Need proxy support in air-gapped environment

hanlins commented 3 years ago

User Story

As an operator, I would like to add proxy setting configurations to capi providers for the air-gapped environments.

Detailed Description

In air-gapped environment, cluster API provider pods might be deployed in air-gapped environment, and thus cannot talk to the infrastructure provider directly. In this scenario, a proxy server is typically deployed to enable the connectivity and audit the traffic that bypasses the firewall. It would be ideal if we can have a mechanism to plumb the proxy server configurations to the cluster API provider pods, so that they can be able to communicate with the infrastructure.

Anything else you would like to add: One approach I think think of is to have something like this:

HTTP_PROXY=xxx clusterctl init

The implementation should be similar to https://github.com/kubernetes/kubernetes/pull/84559.

[Miscellaneous information that will assist in solving the issue.]

/kind feature

enxebre commented 3 years ago

For such scenario we would also want the ability to configure https_proxy and no_proxy.

We'd need to flesh out details here, define and agree on what an air gapped env is and what scenarios and behaviour exactly we want to support end to end, e.g would this be a one shot thing? or would we want capi components to watch a "proxy config" and react to changes there? I think this will probably deserve a proposal having all the details.

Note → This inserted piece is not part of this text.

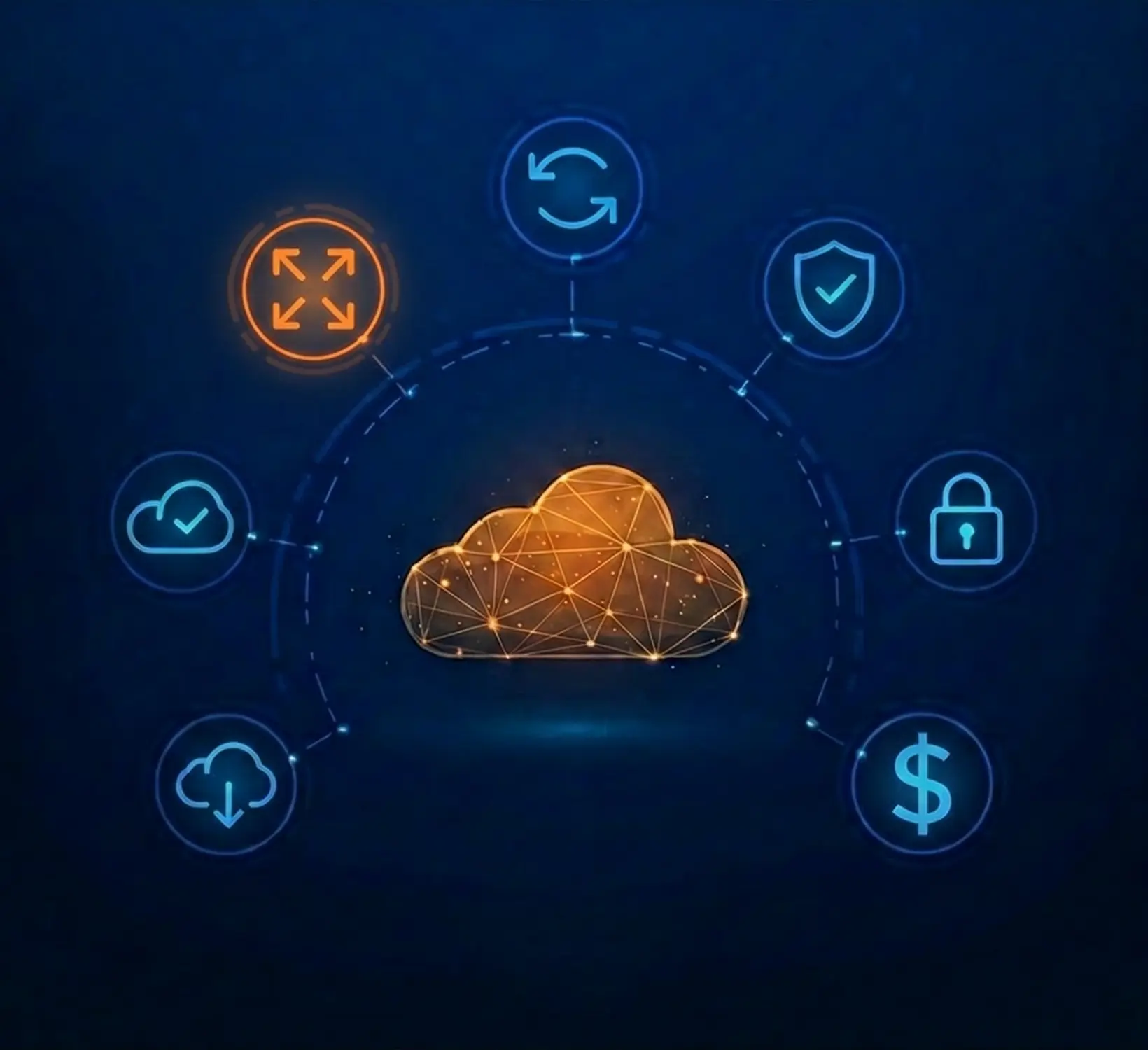 cloud-hosting-solutions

fabriziopandini commented 3 years ago

@hanlins I'm starting to think about this use case, and my main concern is that adding proxy settings can't be achieved by simple variable substitution, which is the only templating solution supported in clusterctl as of today. The only two options I can see here are:

to rely on different templating solutions injected in the clusterctl library
use mutating web hooks

Also, the ongoing work on ManagedCluster might provide some help here, but this is still TBD IF this can help, I'm happy to chat about this

vincepri commented 3 years ago

/milestone Next

k8s-triage-robot commented 3 years ago

The Kubernetes project currently lacks enough contributors to adequately respond to all issues and PRs.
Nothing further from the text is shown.